* Exercise instructions *
Word for word, repeat all the entries below, but without the pictures.

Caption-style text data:
__________

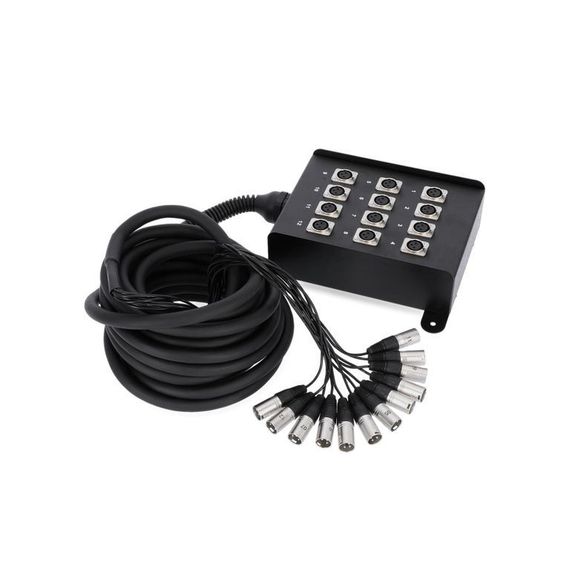 Adam Hall K 12 C 10 - мультикор со стейдж-боксом, 12 x XLR возврат, 12 x 0.314 мм2, 10 м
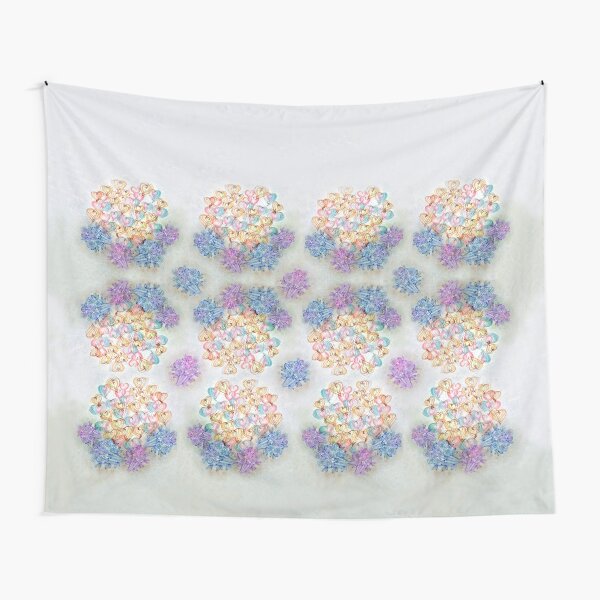 Rosy heart vintage Tapestry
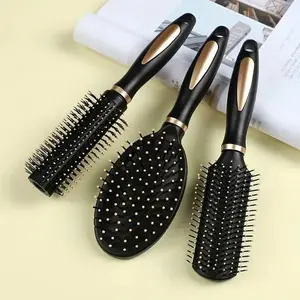 Hair Brush Set, 3 Counts/set Anti Static Hairdressing Comb, Detangling Hair Brush for All Hair Types, Heatless Styling Tools for Women & Men, Anti Static Hairbrush, Detangler Brush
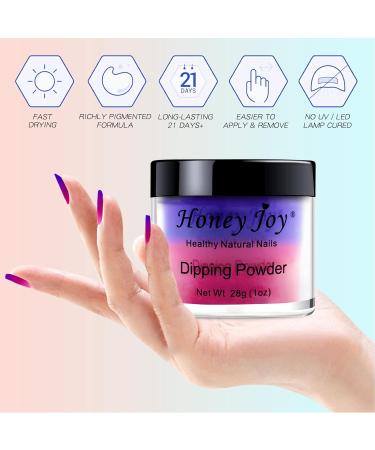 28g/Box Rose and Purple Color Change Dip Powder for Long-lasting Dipping Nails - No UV Light Needed | No.17 - Buy Online on GoSupps.com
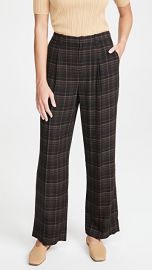 Vince Classic Plaid Trousers at Shopbop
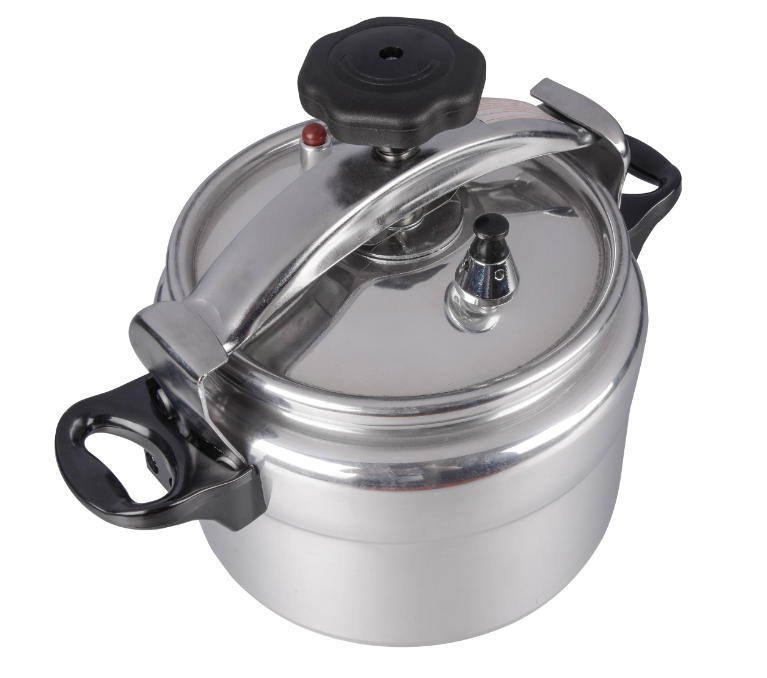 Aluminium pressure cooker with mirror polish and bakelite handle 4L or 4Litre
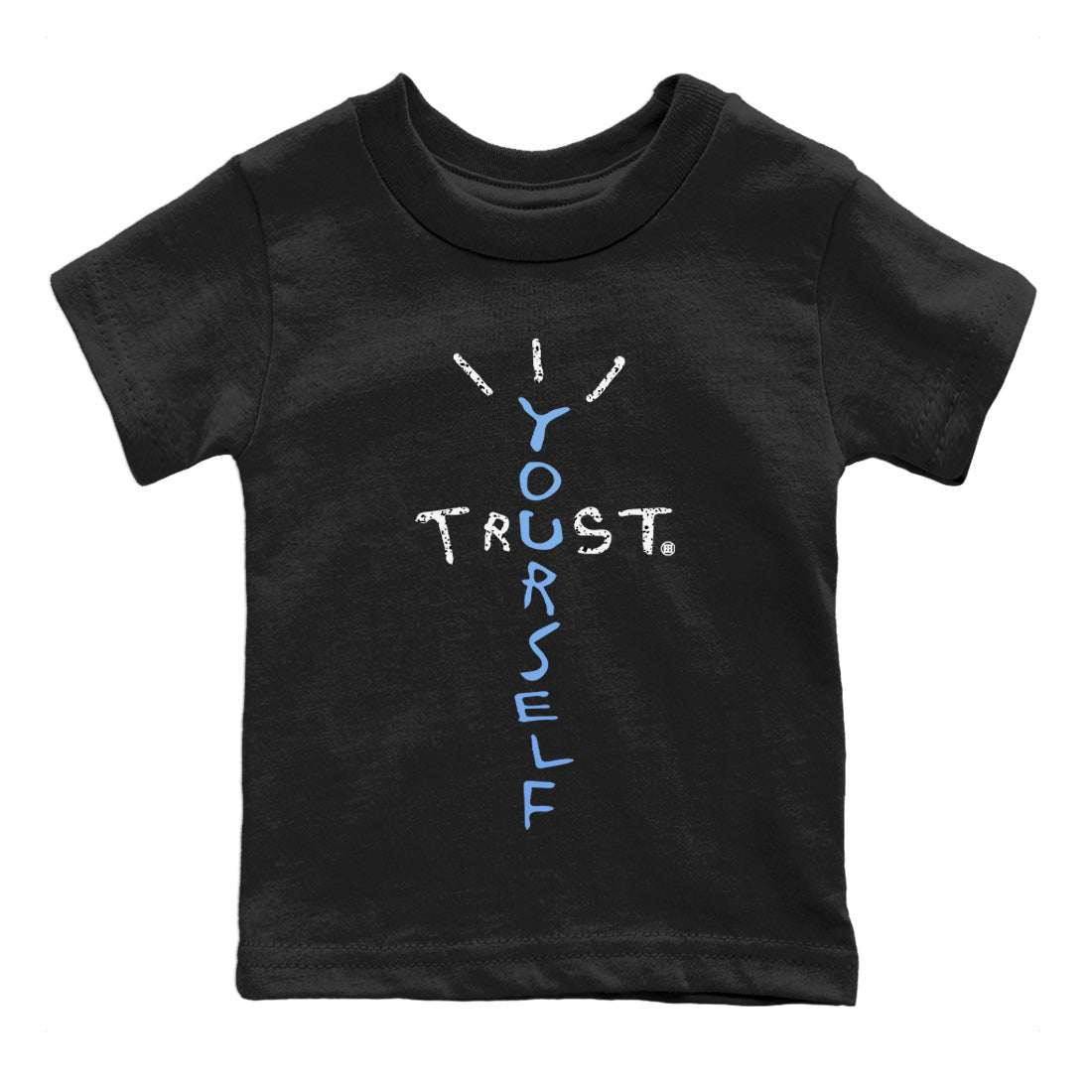 Trust Yourself Kids Tops - Air Jordan 5 UNC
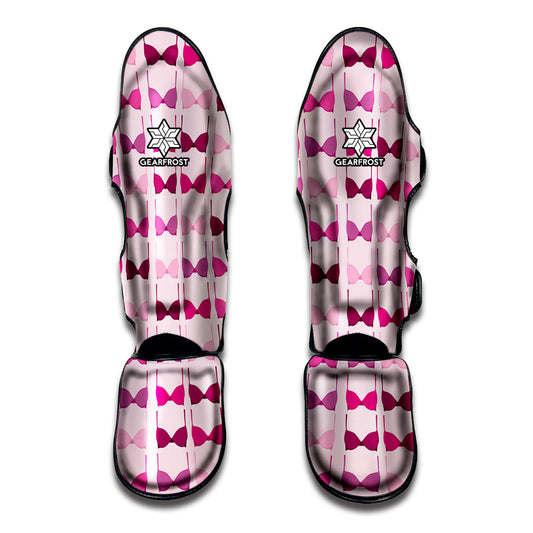 Pink Bra Breast Cancer Pattern Print Muay Thai Shin Guard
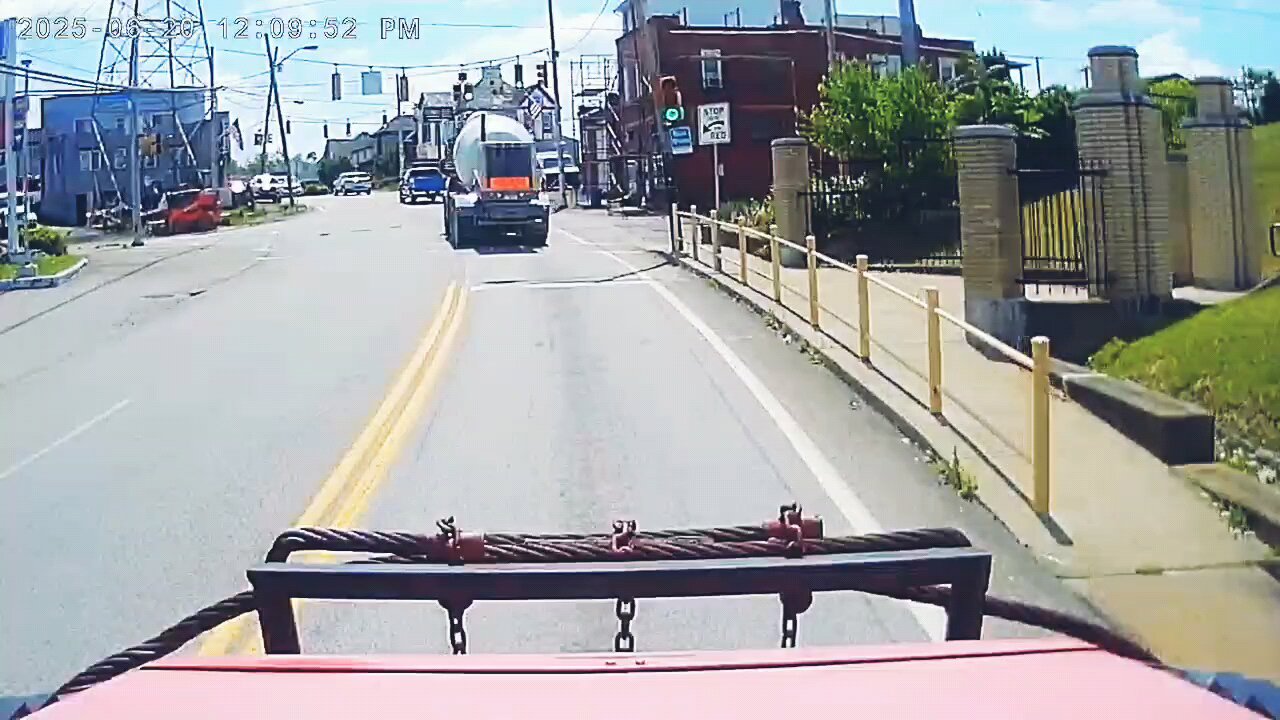 cement mixer vs. pickup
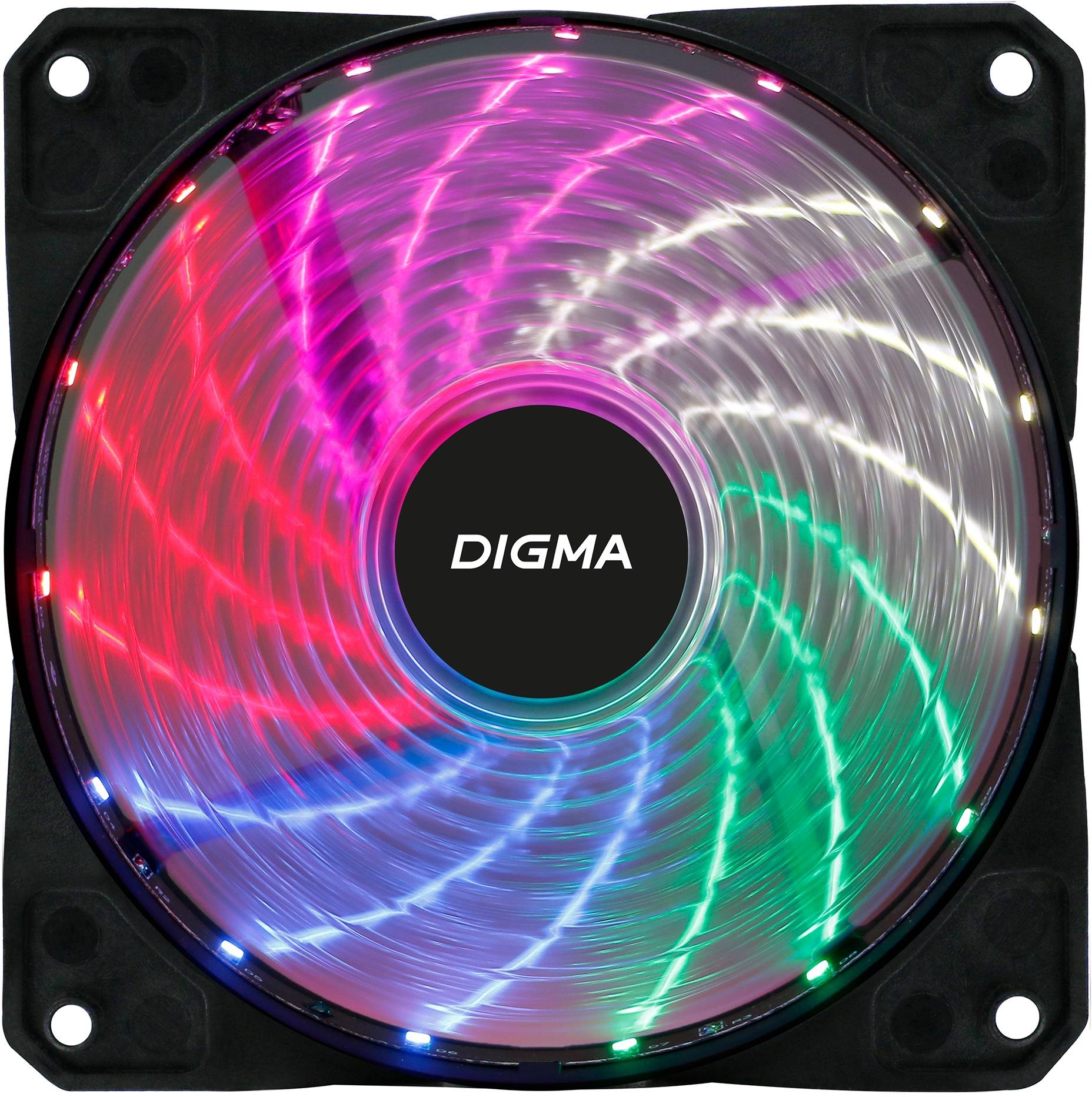 Вентилятор Digma DFAN-FRGB2, размер 120x120x25мм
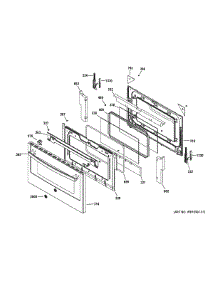 Lower Door parts for Ge Range PGS950SEF5SS from AppliancePartsPros.com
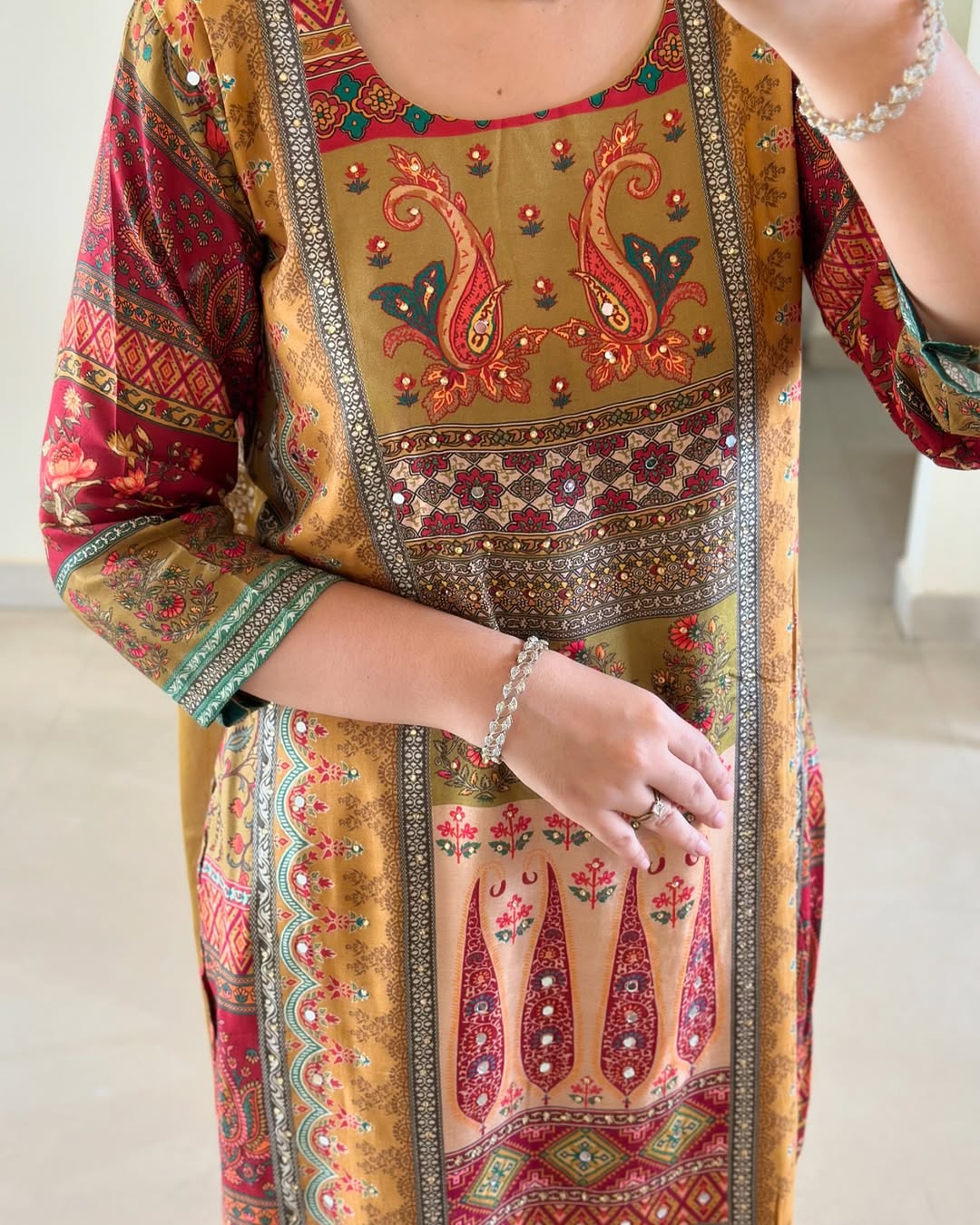 Jaipur Kurta Pure Muslin Digital Print kurta Set with Dupatta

__________

* Output of the exercise *
 Adam Hall K 12 C 10 - мультикор со стейдж-боксом, 12 x XLR возврат, 12 x 0.314 мм2, 10 м
 Rosy heart vintage Tapestry
 Hair Brush Set, 3 Counts/set Anti Static Hairdressing Comb, Detangling Hair Brush for All Hair Types, Heatless Styling Tools for Women & Men, Anti Static Hairbrush, Detangler Brush
 28g/Box Rose and Purple Color Change Dip Powder for Long-lasting Dipping Nails - No UV Light Needed | No.17 - Buy Online on GoSupps.com
 Vince Classic Plaid Trousers at Shopbop
 Aluminium pressure cooker with mirror polish and bakelite handle 4L or 4Litre
 Trust Yourself Kids Tops - Air Jordan 5 UNC
 Pink Bra Breast Cancer Pattern Print Muay Thai Shin Guard
 cement mixer vs. pickup
 Вентилятор Digma DFAN-FRGB2, размер 120x120x25мм
 Lower Door parts for Ge Range PGS950SEF5SS from AppliancePartsPros.com
 Jaipur Kurta Pure Muslin Digital Print kurta Set with Dupatta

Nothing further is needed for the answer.